Your task — Down to the last line, reproduce the data that follows, but skip the pictures.

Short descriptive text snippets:

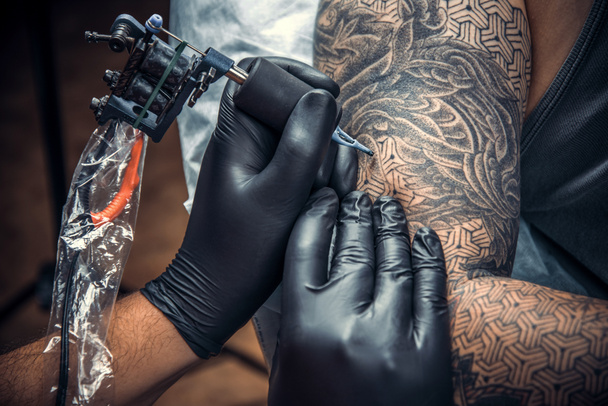 Profesjonalnych tattooist co tatuaż w studio - Zdjęcie, obraz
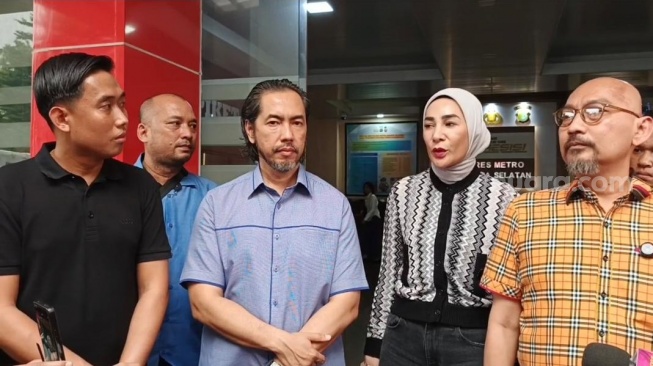 Erin Taulany didampingi tim pengacaranya mendatangi Polres Metro Jakarta Selatan, Jumat (8/5/2026) untuk melaporkan mantan ART-nya, Hera dengan tuduhan pelanggaran privasi. [Rena Pangesti/Suara.com]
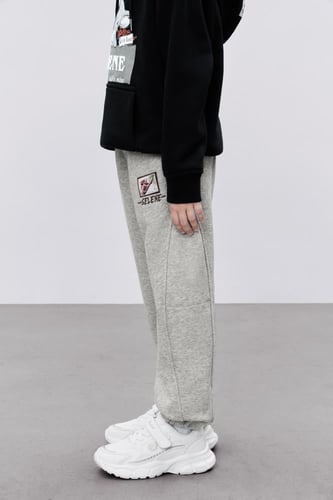 بنطال رمادي للأطفال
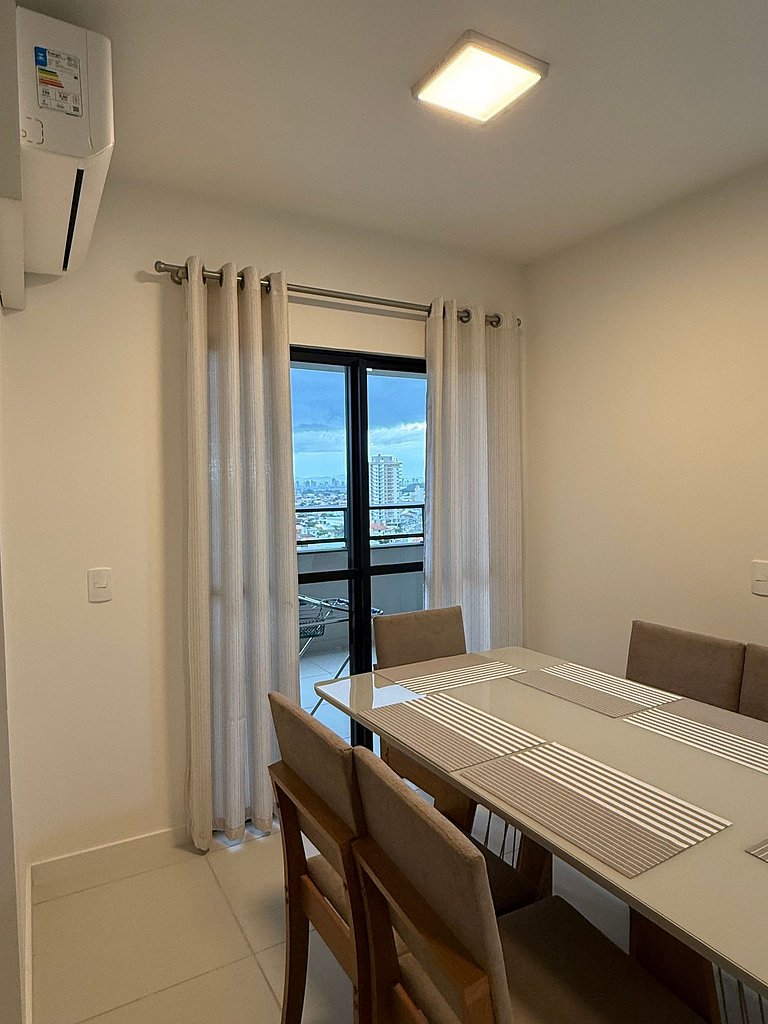 Vista al mar • Piscina y jacuzzi • Completos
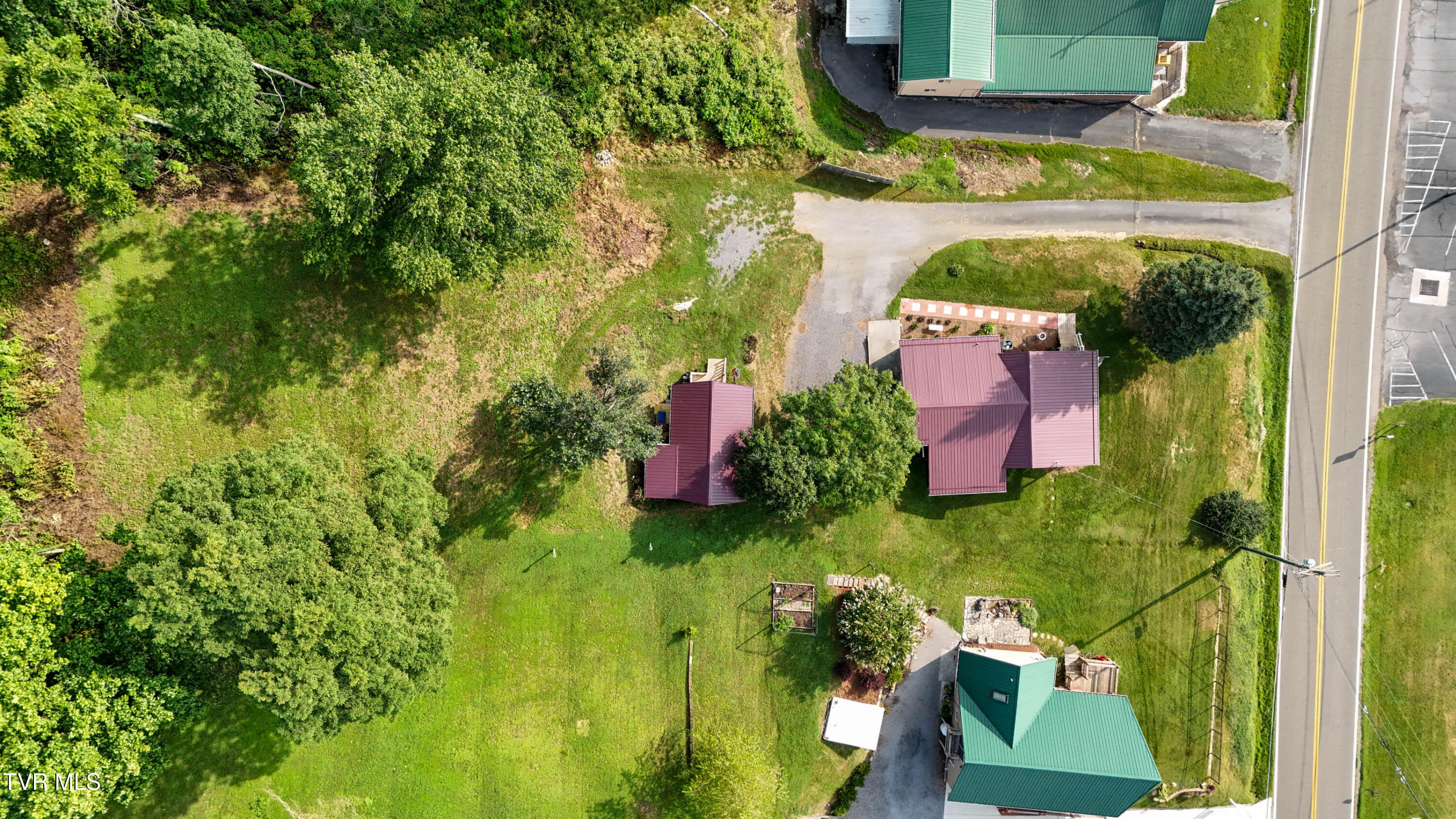 21516 Benhams Road Bristol, VA 24202 - Photo 39 of 39 21516 Benhams Rd Drone WINKLER-5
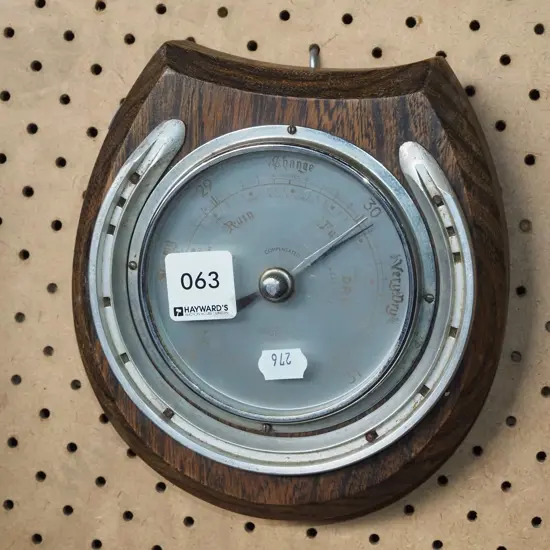 horse shoe barometer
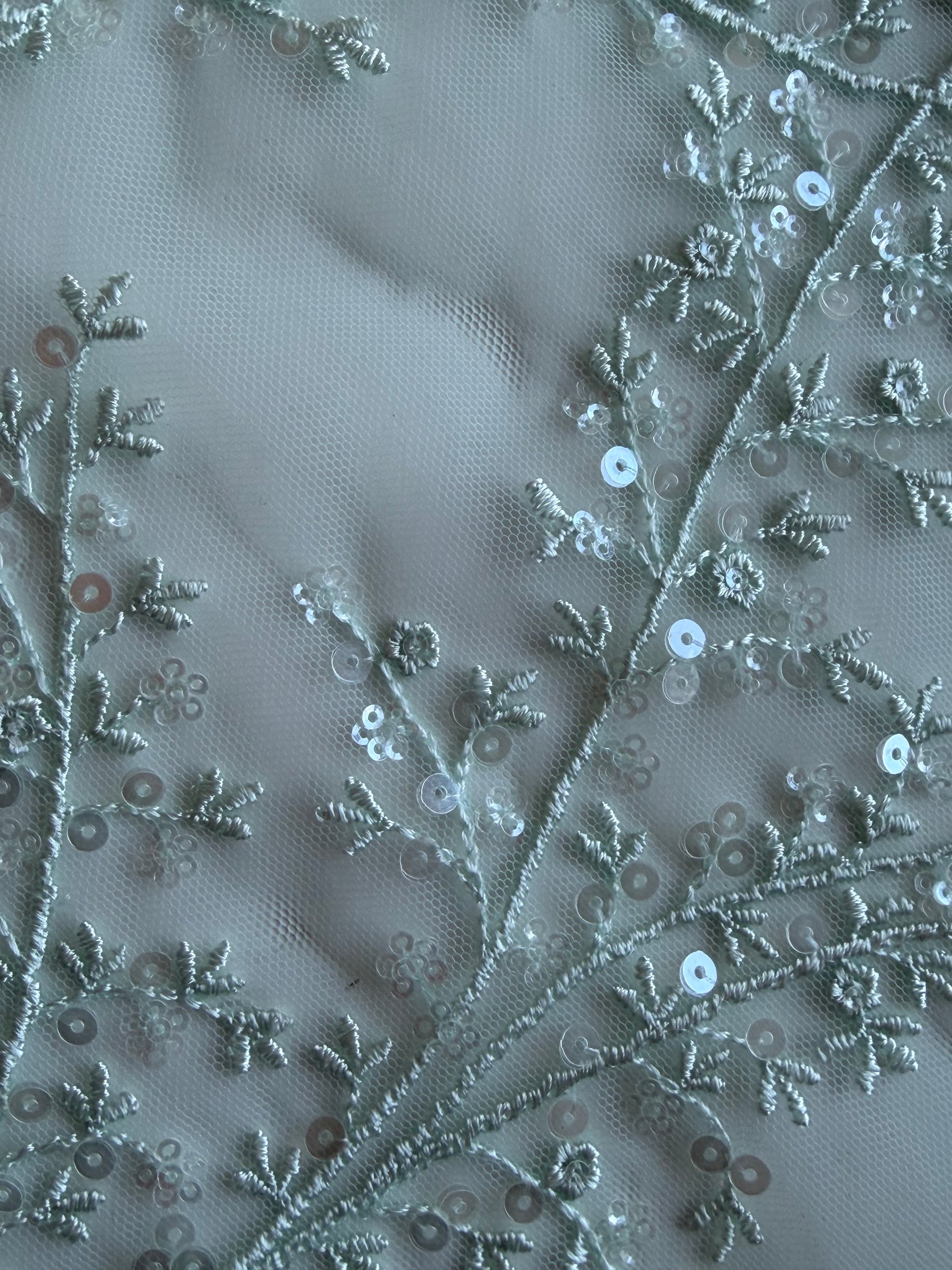 Dentelle à paillettes vert clair - EB3065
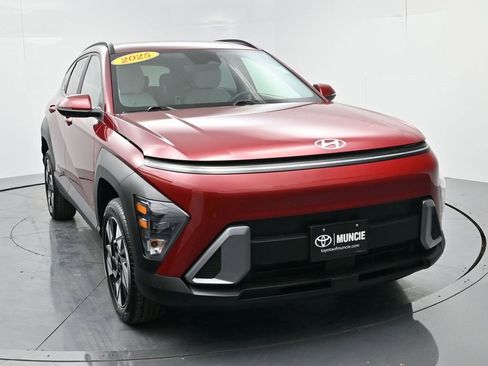 Used 2025 Hyundai Kona SEL image 2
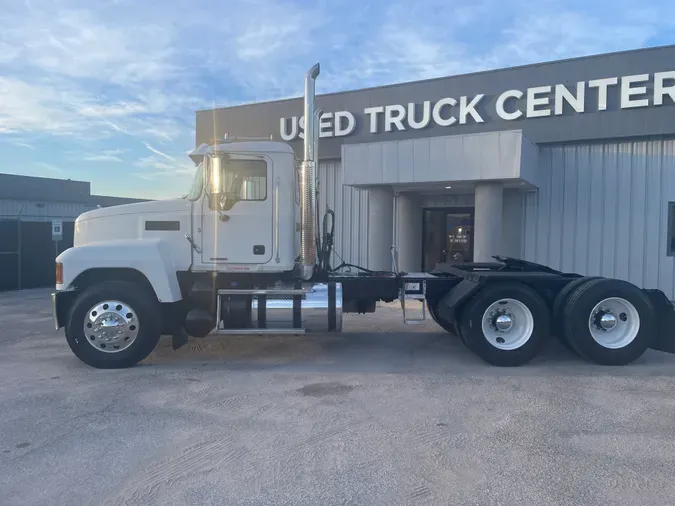 2019 MACK PI64T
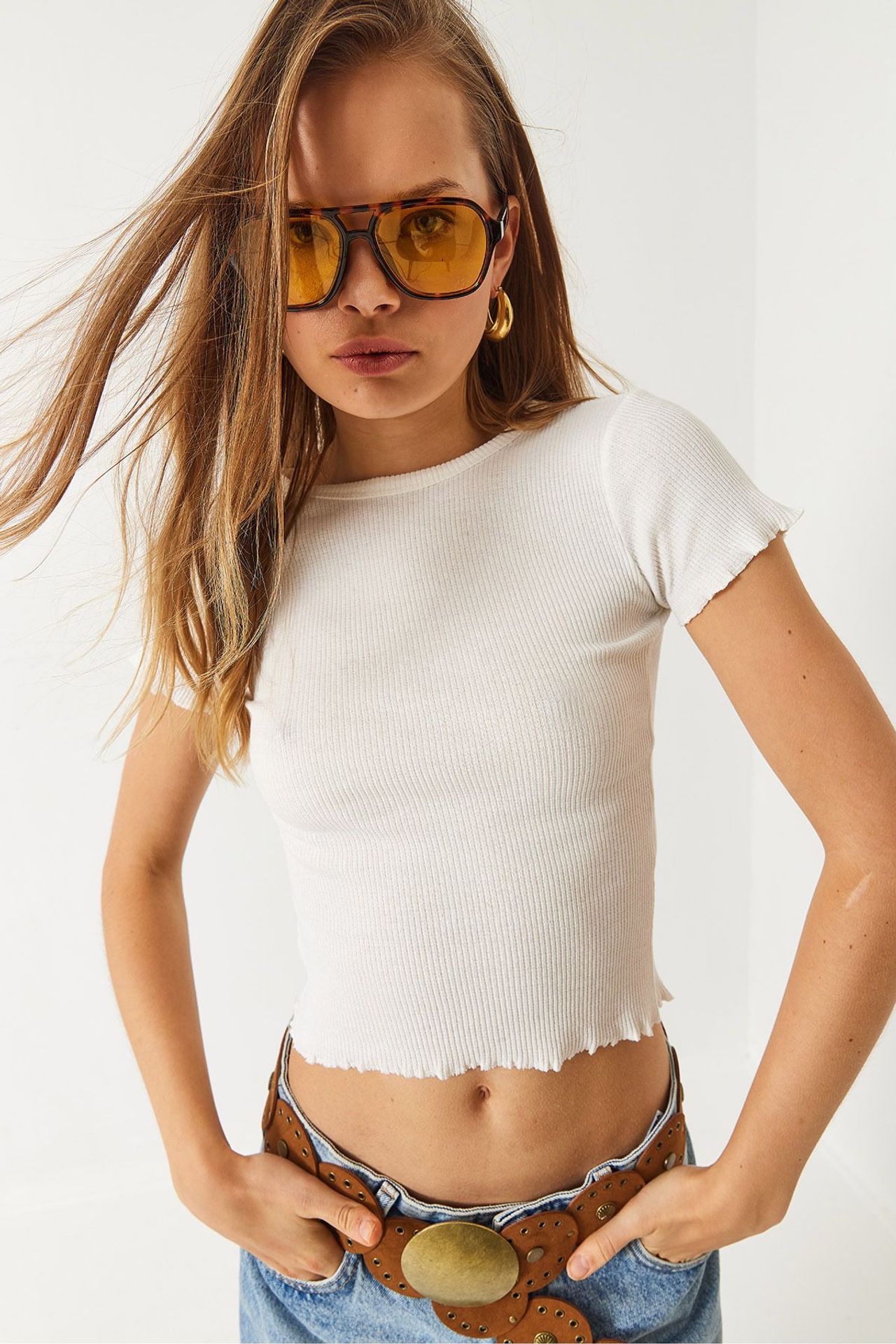 Ribbed Crew Neck Crop T-Shirt with Lettuce Edge Detail 3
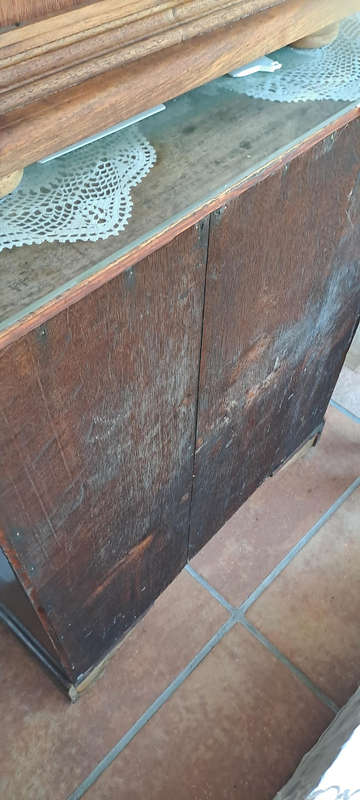18th Century Mahogany compact gentleman`s chest with brushing slide ca 1740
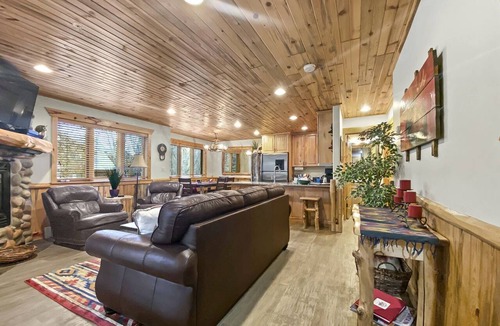 Park City Cabin | 6 A Timberwolf Lodge in Park City, Utah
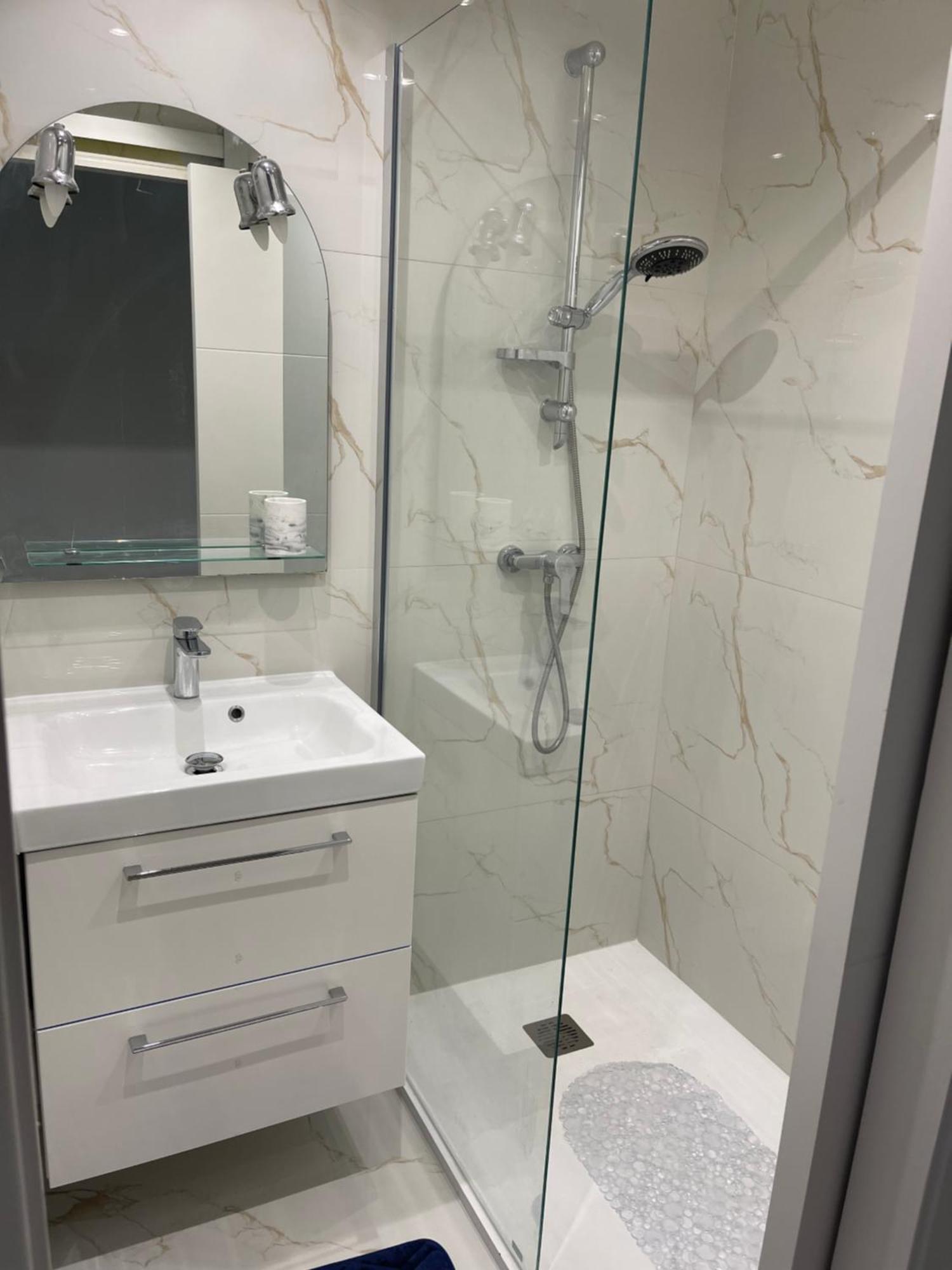 Apartment Lumineux A 2min De La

Result of the exercise —
 Profesjonalnych tattooist co tatuaż w studio - Zdjęcie, obraz
 Erin Taulany didampingi tim pengacaranya mendatangi Polres Metro Jakarta Selatan, Jumat (8/5/2026) untuk melaporkan mantan ART-nya, Hera dengan tuduhan pelanggaran privasi. [Rena Pangesti/Suara.com]
 بنطال رمادي للأطفال
 Vista al mar • Piscina y jacuzzi • Completos
 21516 Benhams Road Bristol, VA 24202 - Photo 39 of 39 21516 Benhams Rd Drone WINKLER-5
 horse shoe barometer
 Dentelle à paillettes vert clair - EB3065
 Used 2025 Hyundai Kona SEL image 2
 2019 MACK PI64T
 Ribbed Crew Neck Crop T-Shirt with Lettuce Edge Detail 3
18th Century Mahogany compact gentleman`s chest with brushing slide ca 1740
 Park City Cabin | 6 A Timberwolf Lodge in Park City, Utah
 Apartment Lumineux A 2min De La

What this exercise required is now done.